Please copy out the entries below exactly, beginning with the line that contains "Disney Christmas Bells" and ending with the line that contains "Bandolino Laura Women's", and include nothing outside that span.

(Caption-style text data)
+---+
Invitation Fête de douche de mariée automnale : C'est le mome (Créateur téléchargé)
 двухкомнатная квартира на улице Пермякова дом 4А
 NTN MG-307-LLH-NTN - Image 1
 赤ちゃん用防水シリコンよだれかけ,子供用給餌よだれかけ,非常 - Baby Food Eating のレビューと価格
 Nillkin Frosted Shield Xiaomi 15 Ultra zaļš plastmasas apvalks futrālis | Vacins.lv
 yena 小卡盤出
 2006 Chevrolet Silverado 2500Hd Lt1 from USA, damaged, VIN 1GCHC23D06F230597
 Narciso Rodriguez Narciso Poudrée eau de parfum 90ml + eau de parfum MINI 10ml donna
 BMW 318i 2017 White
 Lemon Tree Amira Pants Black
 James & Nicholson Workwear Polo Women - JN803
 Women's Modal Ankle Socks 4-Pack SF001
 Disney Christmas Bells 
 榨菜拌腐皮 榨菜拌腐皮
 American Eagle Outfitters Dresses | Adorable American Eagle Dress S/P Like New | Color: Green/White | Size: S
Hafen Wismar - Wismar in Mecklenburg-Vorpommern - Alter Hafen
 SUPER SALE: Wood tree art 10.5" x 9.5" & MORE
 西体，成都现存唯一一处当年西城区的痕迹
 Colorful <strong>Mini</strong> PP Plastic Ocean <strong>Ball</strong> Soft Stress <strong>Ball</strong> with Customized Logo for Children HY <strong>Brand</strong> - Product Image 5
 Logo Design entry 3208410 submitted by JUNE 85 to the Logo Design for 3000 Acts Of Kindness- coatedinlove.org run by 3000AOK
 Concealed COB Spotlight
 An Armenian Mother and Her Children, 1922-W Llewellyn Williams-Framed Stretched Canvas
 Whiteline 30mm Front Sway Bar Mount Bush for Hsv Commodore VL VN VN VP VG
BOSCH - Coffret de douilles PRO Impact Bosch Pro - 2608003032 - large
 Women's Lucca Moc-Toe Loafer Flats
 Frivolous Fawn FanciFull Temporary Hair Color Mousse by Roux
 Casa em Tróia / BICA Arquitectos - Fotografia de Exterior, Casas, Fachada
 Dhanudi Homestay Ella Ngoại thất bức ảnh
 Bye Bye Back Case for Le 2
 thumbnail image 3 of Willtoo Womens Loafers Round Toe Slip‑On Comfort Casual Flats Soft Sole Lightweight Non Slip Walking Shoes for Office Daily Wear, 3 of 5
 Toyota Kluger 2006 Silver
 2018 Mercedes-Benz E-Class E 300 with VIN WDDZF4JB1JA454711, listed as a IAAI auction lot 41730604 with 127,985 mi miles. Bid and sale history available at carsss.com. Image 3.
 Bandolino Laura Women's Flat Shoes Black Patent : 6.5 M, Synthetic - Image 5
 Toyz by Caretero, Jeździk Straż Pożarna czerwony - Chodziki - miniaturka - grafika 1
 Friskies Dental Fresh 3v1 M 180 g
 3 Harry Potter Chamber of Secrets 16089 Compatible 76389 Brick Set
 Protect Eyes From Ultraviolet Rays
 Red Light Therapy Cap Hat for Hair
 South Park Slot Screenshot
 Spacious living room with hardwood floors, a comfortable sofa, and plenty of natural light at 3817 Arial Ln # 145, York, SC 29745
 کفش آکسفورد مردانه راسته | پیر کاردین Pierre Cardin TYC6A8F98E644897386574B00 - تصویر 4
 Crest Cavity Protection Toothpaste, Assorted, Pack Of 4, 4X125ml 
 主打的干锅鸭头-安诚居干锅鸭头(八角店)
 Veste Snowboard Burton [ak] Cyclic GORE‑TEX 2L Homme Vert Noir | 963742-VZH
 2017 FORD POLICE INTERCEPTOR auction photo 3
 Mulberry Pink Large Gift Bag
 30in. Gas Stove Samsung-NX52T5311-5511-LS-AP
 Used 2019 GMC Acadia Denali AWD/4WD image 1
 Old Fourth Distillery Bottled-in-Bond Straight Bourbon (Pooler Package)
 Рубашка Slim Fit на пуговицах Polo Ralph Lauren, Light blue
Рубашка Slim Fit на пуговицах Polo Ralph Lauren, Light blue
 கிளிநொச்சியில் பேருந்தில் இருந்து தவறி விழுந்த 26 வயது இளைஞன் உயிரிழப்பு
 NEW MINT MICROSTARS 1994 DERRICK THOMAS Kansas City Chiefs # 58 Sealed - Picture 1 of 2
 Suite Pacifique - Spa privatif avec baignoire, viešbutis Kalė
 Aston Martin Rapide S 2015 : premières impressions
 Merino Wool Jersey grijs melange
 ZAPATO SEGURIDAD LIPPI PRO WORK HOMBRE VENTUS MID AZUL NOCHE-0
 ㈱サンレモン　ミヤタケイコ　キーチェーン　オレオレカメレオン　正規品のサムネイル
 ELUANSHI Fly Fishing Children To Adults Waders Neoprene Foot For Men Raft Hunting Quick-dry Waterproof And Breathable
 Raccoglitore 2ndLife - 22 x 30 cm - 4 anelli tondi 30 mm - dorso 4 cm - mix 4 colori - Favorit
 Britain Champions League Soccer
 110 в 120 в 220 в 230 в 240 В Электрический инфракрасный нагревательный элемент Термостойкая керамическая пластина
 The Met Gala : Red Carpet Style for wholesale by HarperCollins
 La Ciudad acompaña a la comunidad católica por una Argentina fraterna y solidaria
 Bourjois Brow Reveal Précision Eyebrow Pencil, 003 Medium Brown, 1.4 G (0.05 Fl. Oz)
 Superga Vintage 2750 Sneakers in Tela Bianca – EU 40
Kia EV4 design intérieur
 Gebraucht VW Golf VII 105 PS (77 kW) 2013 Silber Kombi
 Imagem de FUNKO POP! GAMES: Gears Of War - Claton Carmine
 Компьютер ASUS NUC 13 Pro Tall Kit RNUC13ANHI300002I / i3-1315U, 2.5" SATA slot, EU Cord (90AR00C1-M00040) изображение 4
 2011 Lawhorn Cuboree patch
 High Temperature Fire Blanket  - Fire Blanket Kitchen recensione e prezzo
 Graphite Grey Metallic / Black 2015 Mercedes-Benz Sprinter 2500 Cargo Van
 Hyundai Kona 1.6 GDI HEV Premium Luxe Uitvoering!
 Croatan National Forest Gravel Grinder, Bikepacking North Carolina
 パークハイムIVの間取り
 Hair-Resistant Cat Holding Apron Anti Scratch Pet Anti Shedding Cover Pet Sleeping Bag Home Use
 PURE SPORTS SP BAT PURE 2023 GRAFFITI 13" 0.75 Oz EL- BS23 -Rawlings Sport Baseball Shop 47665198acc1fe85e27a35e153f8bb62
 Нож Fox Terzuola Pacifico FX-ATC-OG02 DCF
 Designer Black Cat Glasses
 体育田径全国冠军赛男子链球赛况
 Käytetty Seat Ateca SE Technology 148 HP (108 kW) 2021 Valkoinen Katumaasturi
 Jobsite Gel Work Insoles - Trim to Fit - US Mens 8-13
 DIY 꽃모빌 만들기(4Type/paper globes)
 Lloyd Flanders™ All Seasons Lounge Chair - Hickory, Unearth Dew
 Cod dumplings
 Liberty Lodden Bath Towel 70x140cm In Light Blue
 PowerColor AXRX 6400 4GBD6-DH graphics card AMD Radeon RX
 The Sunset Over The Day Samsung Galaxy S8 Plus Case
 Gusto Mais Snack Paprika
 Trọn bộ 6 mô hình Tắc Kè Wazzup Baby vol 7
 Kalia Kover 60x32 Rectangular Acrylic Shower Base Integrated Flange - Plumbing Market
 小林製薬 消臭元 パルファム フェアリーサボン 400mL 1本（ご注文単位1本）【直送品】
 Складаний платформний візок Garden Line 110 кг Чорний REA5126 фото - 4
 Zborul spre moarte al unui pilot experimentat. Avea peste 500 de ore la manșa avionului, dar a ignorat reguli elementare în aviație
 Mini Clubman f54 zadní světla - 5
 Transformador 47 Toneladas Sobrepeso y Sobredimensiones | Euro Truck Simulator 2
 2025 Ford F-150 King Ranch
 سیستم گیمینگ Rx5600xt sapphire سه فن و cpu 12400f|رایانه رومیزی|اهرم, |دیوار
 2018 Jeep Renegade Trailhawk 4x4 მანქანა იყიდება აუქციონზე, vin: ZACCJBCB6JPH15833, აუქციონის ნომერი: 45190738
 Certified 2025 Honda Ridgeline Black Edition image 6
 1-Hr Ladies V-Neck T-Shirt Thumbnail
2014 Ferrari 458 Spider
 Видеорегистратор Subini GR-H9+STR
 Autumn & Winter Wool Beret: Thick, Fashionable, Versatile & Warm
+---+
• _ANSWER BOX_
 Disney Christmas Bells 
 榨菜拌腐皮 榨菜拌腐皮
 American Eagle Outfitters Dresses | Adorable American Eagle Dress S/P Like New | Color: Green/White | Size: S
Hafen Wismar - Wismar in Mecklenburg-Vorpommern - Alter Hafen
 SUPER SALE: Wood tree art 10.5" x 9.5" & MORE
 西体，成都现存唯一一处当年西城区的痕迹
 Colorful <strong>Mini</strong> PP Plastic Ocean <strong>Ball</strong> Soft Stress <strong>Ball</strong> with Customized Logo for Children HY <strong>Brand</strong> - Product Image 5
 Logo Design entry 3208410 submitted by JUNE 85 to the Logo Design for 3000 Acts Of Kindness- coatedinlove.org run by 3000AOK
 Concealed COB Spotlight
 An Armenian Mother and Her Children, 1922-W Llewellyn Williams-Framed Stretched Canvas
 Whiteline 30mm Front Sway Bar Mount Bush for Hsv Commodore VL VN VN VP VG
BOSCH - Coffret de douilles PRO Impact Bosch Pro - 2608003032 - large
 Women's Lucca Moc-Toe Loafer Flats
 Frivolous Fawn FanciFull Temporary Hair Color Mousse by Roux
 Casa em Tróia / BICA Arquitectos - Fotografia de Exterior, Casas, Fachada
 Dhanudi Homestay Ella Ngoại thất bức ảnh
 Bye Bye Back Case for Le 2
 thumbnail image 3 of Willtoo Womens Loafers Round Toe Slip‑On Comfort Casual Flats Soft Sole Lightweight Non Slip Walking Shoes for Office Daily Wear, 3 of 5
 Toyota Kluger 2006 Silver
 2018 Mercedes-Benz E-Class E 300 with VIN WDDZF4JB1JA454711, listed as a IAAI auction lot 41730604 with 127,985 mi miles. Bid and sale history available at carsss.com. Image 3.
 Bandolino Laura Women's Flat Shoes Black Patent : 6.5 M, Synthetic - Image 5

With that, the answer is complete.